A comparative evaluation of machine learning methods for robot navigation through human crowds
Anastasia Gaydashenko, Daniel Kudenko, Aleksei Shpilman

TL;DR
This paper compares traditional pathfinding and prediction methods with reinforcement learning for robot navigation in crowds, demonstrating reinforcement learning's superior performance in safety and efficiency.
Contribution
It provides the first comprehensive comparative evaluation of these approaches on real-world crowd data, highlighting the advantages of reinforcement learning.
Findings
Reinforcement learning outperforms pathfinding and prediction methods.
Reinforcement learning achieves faster and safer navigation.
State-of-the-art reinforcement learning methods are most effective.
Abstract
Robot navigation through crowds poses a difficult challenge to AI systems, since the methods should result in fast and efficient movement but at the same time are not allowed to compromise safety.

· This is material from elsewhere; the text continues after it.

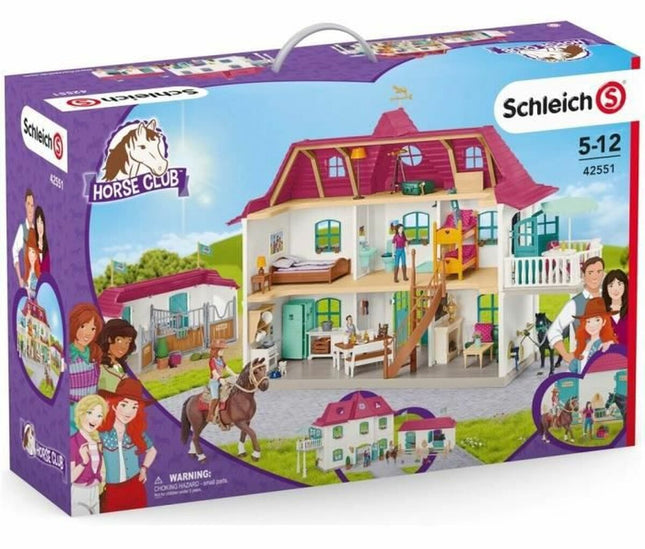 Playset Schleich 42551 Horse-Schleich-Urbanheer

Most approaches to date were focused on the combination of pathfinding algorithms with machine learning for pedestrian walking prediction. More recently, reinforcement learning techniques have been proposed in the research literature. In this paper, we perform a comparative evaluation of pathfinding/prediction and reinforcement learning approaches on a crowd movement dataset collected from surveillance videos taken at Grand Central Station in New York. The results demonstrate the strong superiority of state-of-the-art reinforcement learning approaches over pathfinding with state-of-the-art behaviour prediction techniques.